Sur la banquette arrière était assis le jeune homme dont elle gardait le souvenir après avoir entrevu ce cheval impossible avec ses trois cavaliers dépareillés. Il lui sourit mais ne dit rien.

— Voici Colin, dit Bobby en montant à côté d’elle. Et vous connaissez déjà le Finnois.

— Elle s’est jamais doutée, hein ? dit le Finnois en embrayant.

— Non, dit Bobby. Je ne crois pas.

Le jeune homme appelé Colin lui souriait aussi.

— L’aleph est une approximation de la matrice, expliqua-t-il, une sorte de modèle de cyberspace…

— Oui, je sais. (Elle se tourna vers Bobby.) Eh bien ? Vous avez promis que vous me diriez le pourquoi du Jour du Changement.

Le Finnois se mit à rire, un bruit bien étrange.

— S’agit moins d’un pourquoi que d’un comment, ma p’tite dame. V’vous rappelez la fois où Brigitte vous a dit qu’il y avait cet autre ? Ouais ? Eh bien, voilà le comment, et ce comment est le pourquoi.

— Je me rappelle, effectivement. Elle a dit que quand la matrice finirait par se reconnaître elle-même, alors apparaîtrait l’« autre »…

— Et telle est notre destination ce soir, commença Bobby en l’entourant de son bras. Ce n’est pas loin mais c’est…

— Différent, dit pour lui le Finnois. Vraiment différent.

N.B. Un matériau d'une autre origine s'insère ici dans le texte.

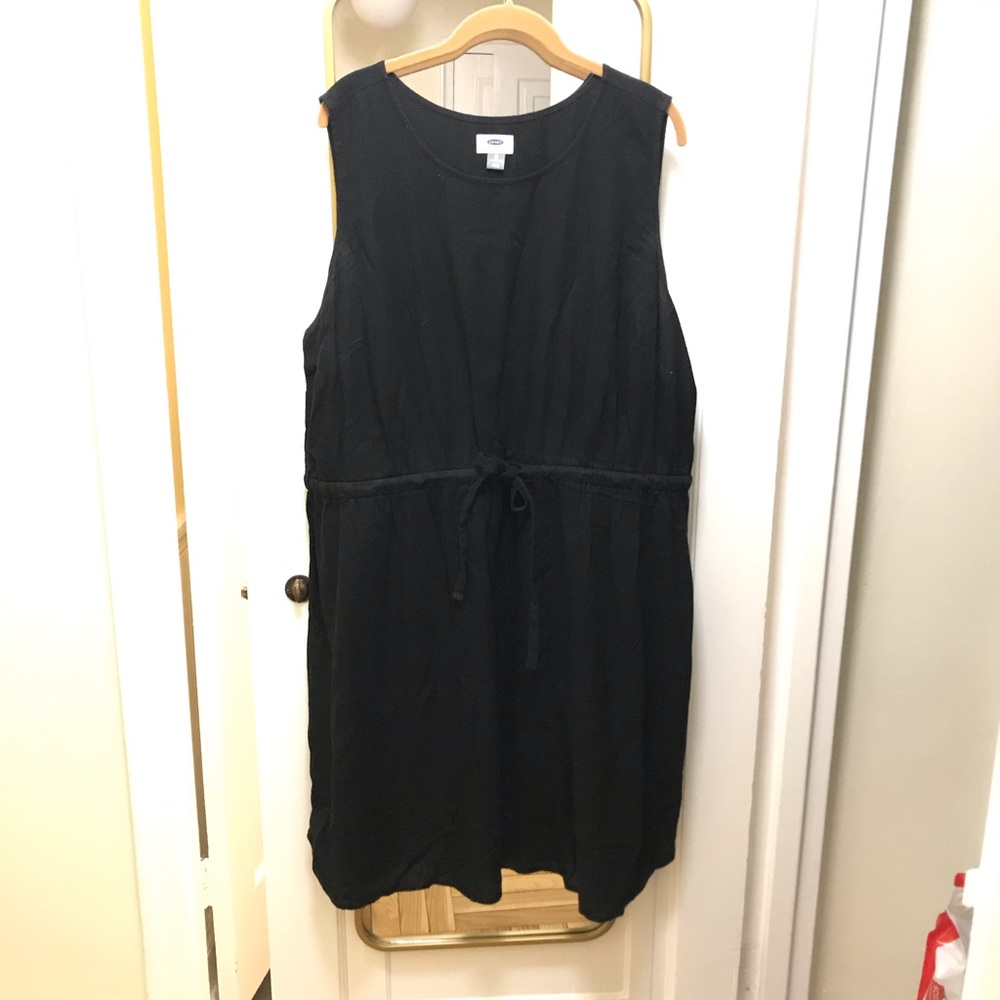 Black, linen, sleeveless tie-waist dress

— Mais qu’est-ce que c’est ?

— Vous verrez, dit Colin en écartant sa mèche brune – un geste d’écolier dans quelque pièce antique – quand la matrice est devenue consciente, elle a dans le même temps pris conscience de l’existence d’une autre matrice, d’un autre être pensant.

— Je ne saisis pas, dit-elle. Si le cyberspace consiste en la somme des données collectées par l’ensemble de l’humanité…

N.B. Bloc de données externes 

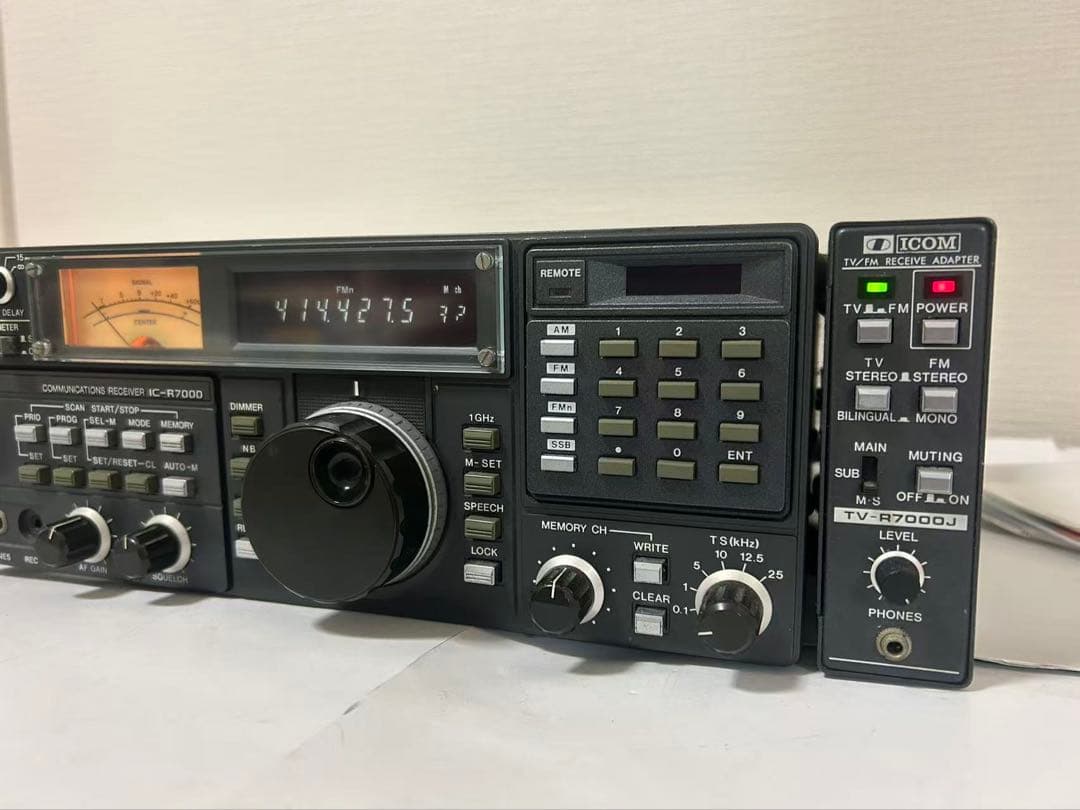 ICOM IC-R7000広帯域受信機、TV-R7000Jレシーブアダプター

— Certes, dit le Finnois en empruntant la longue ligne droite déserte, mais personne ici n’a parlé de l’humanité, voyez-vous…

— L’autre était quelque part ailleurs, précisa Bobby.

— Dans le Centaure, dit Colin.

Se moqueraient-ils d’elle ? Serait-ce encore une blague de Bobby ?

— Bref, reprit le Finnois, c’est pas évident d’expliquer pourquoi la matrice s’est subdivisée entre toutes ces divinités vaudou et tout le tremblement lorsqu’elle a rencontré cette autre entité, mais une fois qu’on y sera, vous aurez plus ou moins une idée…

— Si vous voulez mon sentiment personnel, observa Colin, je trouve que c’est infiniment plus amusant ainsi…

— Est-ce que vous me dites la vérité ?

— On y est dans une minute, parole de New-Yorkais, dit le Finnois. Sans déc.